Section 8.               Procedure for Notification and Defense of Claim.

(a)           Indemnitee shall notify the Company in writing of any matter with respect to which Indemnitee intends to seek indemnification or advancement of Expenses hereunder as soon as reasonably practicable following the receipt by Indemnitee of written notice thereof.  The written notification to the Company shall include a reasonable description of the nature of the Proceeding and the facts underlying the Proceeding.  To obtain indemnification under this Agreement, Indemnitee shall submit to the Company a written request, including therein or therewith such documentation and information as is reasonably available to Indemnitee and is reasonably necessary to determine whether and to what extent Indemnitee is entitled to indemnification following the final disposition of such Proceeding.  The omission by Indemnitee to notify the Company hereunder will not relieve the Company from any liability which it may have to Indemnitee hereunder or otherwise than under this Agreement, and any delay in so notifying the Company shall not constitute a waiver by Indemnitee of any rights under this Agreement.  The Secretary of the Company shall, promptly upon receipt of such a request for indemnification, advise the Board in writing that Indemnitee has requested indemnification.

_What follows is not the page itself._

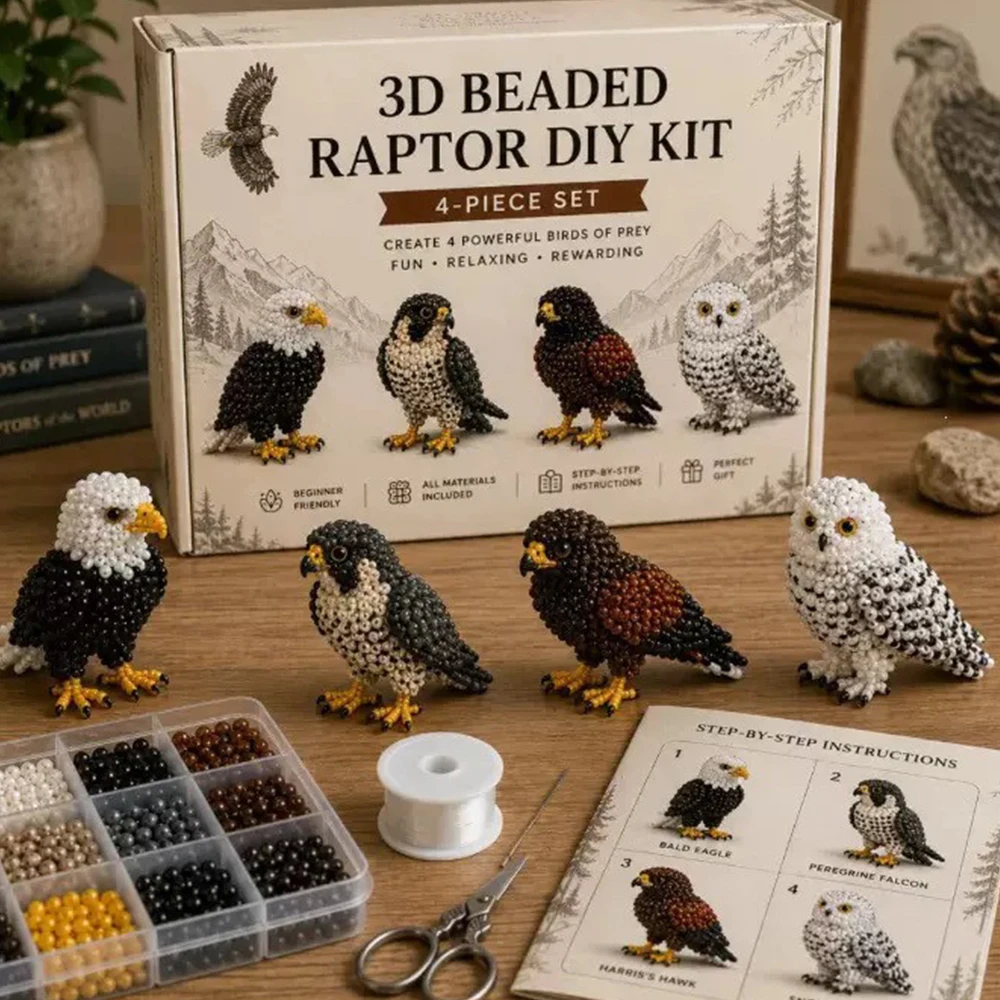 DIY 3D Beaded Raptor Making Kit, Eagle Owl Bird Ornament Handmade Gift Set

(b)           The Company will be entitled to participate in any Proceeding in connection with which Indemnitee seeks indemnification hereunder at its own expense.

(c)           Any provision herein to the contrary notwithstanding, the Company shall not be obligated pursuant to the terms of this Agreement to indemnify Indemnitee under this Agreement for any amounts paid in settlement of a Proceeding effected without the Company’s written consent, such consent not to be unreasonably withheld, delayed or conditioned by the Company.

Section 9.               Procedure Upon Application for Indemnification.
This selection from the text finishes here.